So instead of killing the Native people, it was decided that they would take a much kinder approach by trying to turn them into white people. Of course by Christians.

Some accounts of abuse were; a woman who was 6 years old when she was sexually abused by a priest and a man who couldn’t pray with his tribe without remembering the boarding school staff who forced him to kneel on a broomstick every time he spoke in his native tongue.

The boarding school priests and nuns had secrets, too. The story of one Jesuit priest, Bernard Fagan, a boarding school director who admitted to sexually exploiting about 20 indigenous girls, starting in the late 1970s. The filthy so-called Christian man. Religion is a cover up for and is a hot bed for rapist’s, and child molesters.

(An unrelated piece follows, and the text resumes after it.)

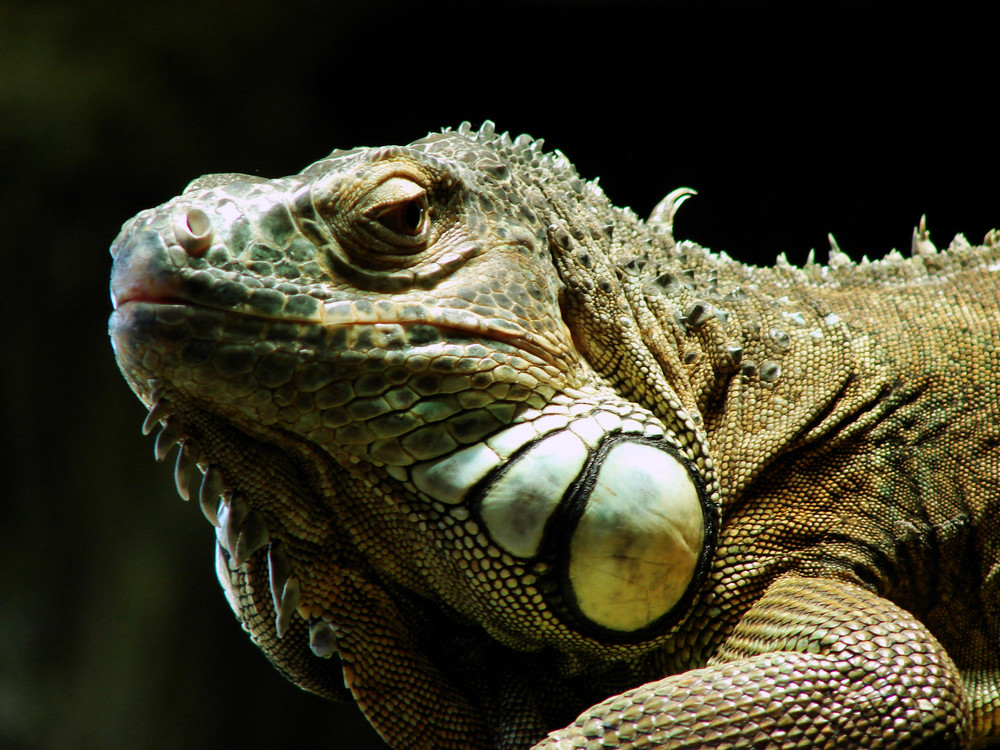 Leguan aus dem Salzburger Zoo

The women speak of beatings so hard by the nuns one's ear drum burst and another was punched and knocked unconscious by the nuns. They were sprayed with DDT, which they were told was to delouse them, that was left on their skin several days. Or tells of being raped by a priest, getting pregnant, having a forced abortion performed by nuns who incinerated the baby.

Another talks of molestation, rape and being put in a coffin by a priest. “There were tunnels built under the school that the abusers used to have access to the children in the dormitories at night while everyone slept”.

They also took metal scouring pads and scrubbed the skin off the kids if they balked at white men rules and traditions.

They were shown movies about the WWII concentration camps and the gas chambers. Then they were sent to the showers to rinse off the delousing chemicals. A boy was drowned during a school picnic and then his body was put in the children’s playroom by the caretakers to rot for five days in full view of all the children.

The children were required to wash themselves with bleach to whiten their skin. They also suffered psychological, physical and sexual abuse. They were told to keep quiet and were threatened with much worse treatment if they ever spoke of what had happened.

The US Government should be ashamed, the people that knew what was going on and allowed it to happen over and over should be in prison. The treatment of these people is shameful and disgusting. How could anyone commit such act against other people/children. It takes a special type of person to commit such acts. It takes a serial killer, a serial rapist, and serial molester, and psychopaths.